The Urban Hellhole Vision

Ed Glaeser's op-ed on the anti-urban bias in transportation policy is worth your time to read. In particular, I'd like to highlight this paragraph:
It is a mistake to think that spending on trains balances the scales. Cities will always benefit far less than exurbs from transportation because dense areas already have good means of getting around, like walking. Urban advocates would do better to either reduce highway subsidies or to balance that spending with more funding for urban schools.
This dovetails with the argument David Owen makes in his excellent book Green Metropolis: To fight climate change, or to make our economy more sustainable generally, it matters less what new inventions we come up with or whether we're "greening" our current consumption patterns, and more whether we can make cities -- dense, walkable cities in particular -- more attractive to the bulk of the population. And that means overcoming not only the policy biases against cities that Glaeser describes, but the social biases many Americans hold against cities as well. In other words, it means dispelling what Atrios would call the "urban hellhole" mythology.

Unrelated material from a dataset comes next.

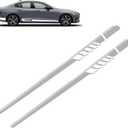 2 PCS Car Side Skirt Decals, Creative Striped Door Stickers, DIY Waterproof Personalized Stickers, Suitable for Most Car Models Including Sedan Trucks Off-Road and SUV (White)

It may not be so easy to break down that mythology, however. Part of it reflects our current political divides: It's no secret, for example, that the US leans Democratic in its urban centers, but Republican everywhere else:

Thus, trying to shift the balance of transportation spending from highways to transit, or from favoring suburbs to favoring cities, becomes a partisan struggle for existence; e.g., Michelle Bachmann's remarks about liberals wanting to force people into "tenements" so they can "take light rail to their government jobs."

But distaste for city living isn't a recent phenomenon, not in this country anyway. Owen describes in his book how generation after generation of Americans, from Thomas Jefferson to Henry Ford, has been drawn to the utopian "back to the land" vision of cityless living. So urbanists have a lot to go up against. A good place to start would be showing that raising kids without a car is not only possible, but desirable as well.